Why is the length of a string in Foreign.C.String defined as Int and not as CSize?

The Foreign.C.String module contains the type

-- | A string with explicit length information in bytes instead of a
-- terminating NUL (allowing NUL characters in the middle of the string).
type CStringLen = (Ptr CChar, Int)

However, as far as I understand, string lengths are conventionally given as size_t in C, i.e., Foreign.C.Types.CSize in Haskell. E.g., that’s the type returned by strlen. As a result, my code is often riddled with calls to fromIntegral to convert from Int to CSize, which is annoying.

Is this just a historical accident, or does it have a deeper meaning? If the former, is there any chance this can be changed in future versions of base? How would one go about that?

2 Likes

There was some discussion earlier this year about Int being used in places where an unsigned type would be better.
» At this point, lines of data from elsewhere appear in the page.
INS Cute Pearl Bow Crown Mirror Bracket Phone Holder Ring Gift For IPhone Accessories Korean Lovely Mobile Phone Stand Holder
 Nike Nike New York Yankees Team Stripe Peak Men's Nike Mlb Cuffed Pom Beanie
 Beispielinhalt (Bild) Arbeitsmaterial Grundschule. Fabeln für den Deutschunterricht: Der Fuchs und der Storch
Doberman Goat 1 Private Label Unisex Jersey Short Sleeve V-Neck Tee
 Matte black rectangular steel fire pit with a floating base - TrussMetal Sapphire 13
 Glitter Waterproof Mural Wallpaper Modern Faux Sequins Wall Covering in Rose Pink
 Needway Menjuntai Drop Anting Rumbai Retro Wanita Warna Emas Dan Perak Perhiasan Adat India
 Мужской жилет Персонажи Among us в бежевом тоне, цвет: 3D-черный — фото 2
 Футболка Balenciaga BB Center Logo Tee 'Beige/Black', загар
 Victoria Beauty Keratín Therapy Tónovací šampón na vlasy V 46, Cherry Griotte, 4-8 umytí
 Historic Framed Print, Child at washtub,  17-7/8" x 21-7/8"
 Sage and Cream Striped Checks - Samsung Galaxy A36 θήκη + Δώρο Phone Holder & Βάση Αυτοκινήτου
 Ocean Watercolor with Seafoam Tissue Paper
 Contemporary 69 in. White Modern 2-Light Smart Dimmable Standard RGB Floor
See these threads on Haskell Cafe:

If you have a concrete proposal to change base, take a look at core-libraries-committee/PROPOSALS.md at main · haskell/core-libraries-committee · GitHub.

1 Like

I think the posts @sjakobi links are suggesting changing Int to Natural, because that is theoretically the proper type of these functions. But using CSize for compatibility with C is mostly different matter in my opinion.

An argument against size_t is mentioned in the great presentation “What about the natural numbers?” (at 36:44). The summary is that size_t should probably not be used because implicit casting signed to unsigned and vice versa is not a very good idea. But I don’t think that applies here, because Haskell doesn’t have implicit casting.

1 Like